Take a look at the Plant Life Cycle Word Search and see how many vocabulary words you can find!
American Artist Georgia O’Keeffe is best known for painting large flowers. Learn more about her by watching the video below:
Select one of Georgia’s flower paintings for closer study. Draw a quick, 5-minute sketch of the painting you selected, and use at least 5 terms from the vocabulary list to identify and label the parts of the flower in the Georgia O’Keeffe painting they chose.
Let’s create art inspired by Georgia’s large, abstracted flowers. Look for flowers in your neighborhood or yard to use as inspiration, or select a photo online to use.

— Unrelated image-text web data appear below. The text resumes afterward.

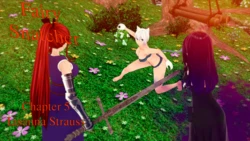 [CyanStargazer] Fairy Snatcher: Lisanna Strauss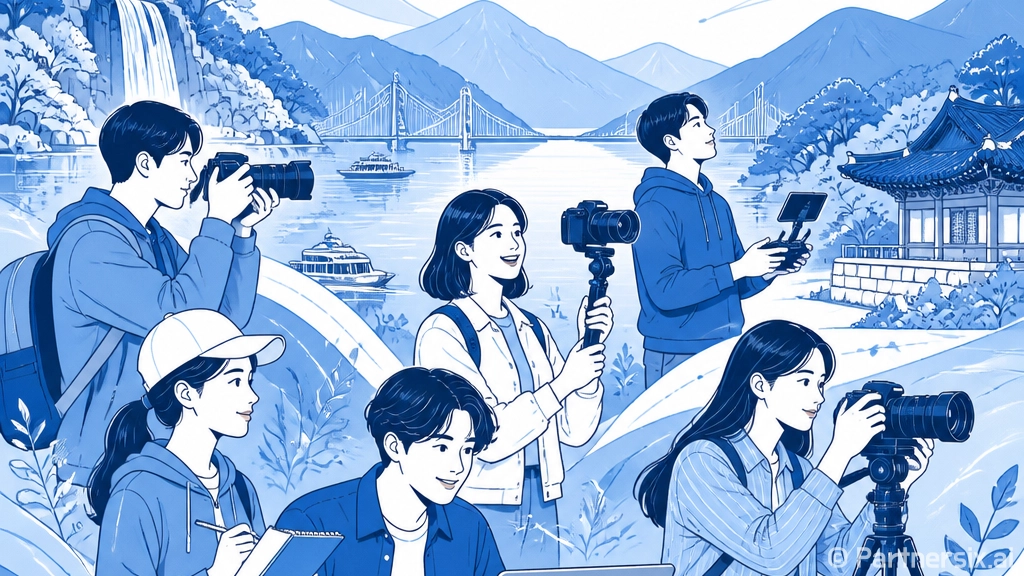 가평군 파인너트 기자단 6기 모집 시작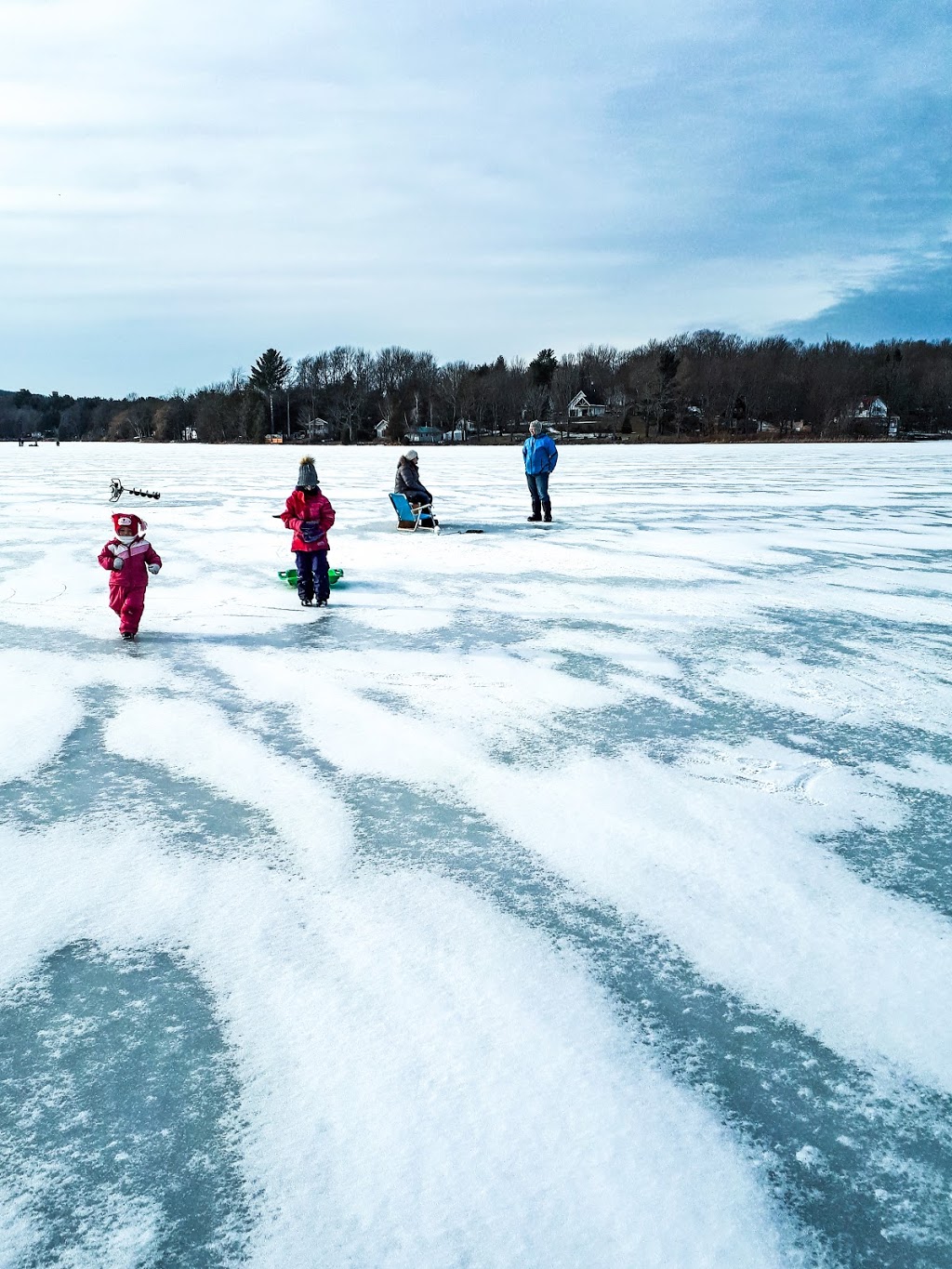 Le Reflet du lac - Chalet à louer | 60 Rue Larose, Dunham, QC J0E 1M0, Canada | Phone: (450) 204-6687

Examine the flower you’ve selected. Using a permanent marker, draw a large, simple version of the flower and greenery on a piece of wax paper. The drawing should fill the space, but not include small details.
Next, select your colors. See if you can use 6 colors or less. Once you have selected your colors, peel the paper from the crayons you are using and use a pencil sharpener to create shavings. Try to keep the different colors of shavings separated.
Set up your ironing station: lay an old towel down on the work area to protect it. Place a piece of cardboard on top of the towel to create a flat surface. Lay the drawing on top of the cardboard. Spread a very thin layer of crayon shavings over the different areas of the drawing. A little goes a LONG way. The color will spread when heated.
Once all the colors have been added to the design, carefully lower another piece of wax paper over the shavings. Be careful not to bump, jostle, or shift the drawing underneath.
*This step should have adult supervision: Turn on your iron and set it to the lowest temperature, without steam. Place a piece of regular paper over your project. Get help to iron over the plain paper. Don’t touch the iron to the wax paper. Lightly iron the project, moving the plain paper so that the whole project eventually gets ironed. Start with very short ironing times so that you don’t overmelt the wax.
Once you are satisfied with the way the melted wax looks and the project cools, use permanent markers to redefine your initial drawing or to add additional details.
Beautiful! These projects look incredible when light is shining through them. How will you display yours? In the window? As a night-light? Be creative!
How did your knowledge of botany help you interact with works of art?